[R] join on dataset crashes on Windows

asfimport commented 2 years ago


library(tidyverse)
library(arrow)

car_info <- rownames_to_column(mtcars, "car_info") 

cars_arrow_table <- arrow_table(car_info)

other_mtcars_data <- select(car_info, 1) %>% 
  mutate(main_color = sample( c("red", "blue", "white", "black"), size = n(), replace = TRUE)) %>% 
  arrow::arrow_table()

temp <- tempdir()
par_temp <- paste0(temp, "\\parquet")

car_info %>% arrow::write_dataset(par_temp)
cars_arrow <- arrow::open_dataset(par_temp) 

# using arrow tables works ------------------------------------------------------
cars_arrow_table %>% left_join(other_mtcars_data) %>% count(main_color) %>% collect()

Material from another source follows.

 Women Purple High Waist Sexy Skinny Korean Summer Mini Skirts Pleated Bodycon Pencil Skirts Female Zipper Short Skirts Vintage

# using open dataset crashes R ------------------------------------------------------------------
other_mtcars_data %>% 
  left_join(cars_arrow) %>% 
  count(main_color) %>% 
  collect()

#other variation also crash
cars_arrow %>% 
  left_join(other_mtcars_data) %>% 
  count(main_color) %>% 
  collect()

cars_arrow %>% 
  left_join(other_mtcars_data) %>% 
  group_by(main_color) %>% 
  summarise(n = n()) %>% 
  collect()

#compute also crashes
cars_arrow %>% 
  left_join(other_mtcars_data) %>% 
  count(main_color) %>% 
  compute()

# workaround with duckdb ------------------------------------------------------
##this works
cars_duck <- to_duckdb(cars_arrow, auto_disconnect = TRUE)
other_cars_duck <- to_duckdb(other_mtcars_data, auto_disconnect = TRUE)
    
cars_duck %>% 
  left_join(other_cars_duck) %>%
  count(main_color) %>%
  collect()

##this doesn't (don't know if expected to work actually)
cars_arrow %>% 
  left_join(other_mtcars_data) %>% 
  to_duckdb()

Environment: R version 4.0.4 Reporter: Will Jones / @wjones127 Assignee: Will Jones / @wjones127

Related issues:

[R] Problem with Join in apache arrow in R (is duplicated by)
[R] Joining two datasets crashes if use_threads=FALSE (relates to)
PRs and other links:
GitHub Pull Request #12339
GitHub Pull Request #12437

_{Note: This issue was originally created as ARROW-14908. Please see the migration documentation for further details.}

asfimport commented 2 years ago

Neal Richardson / @nealrichardson: Can you install the latest patch release (6.0.1)? These all work for me on that version.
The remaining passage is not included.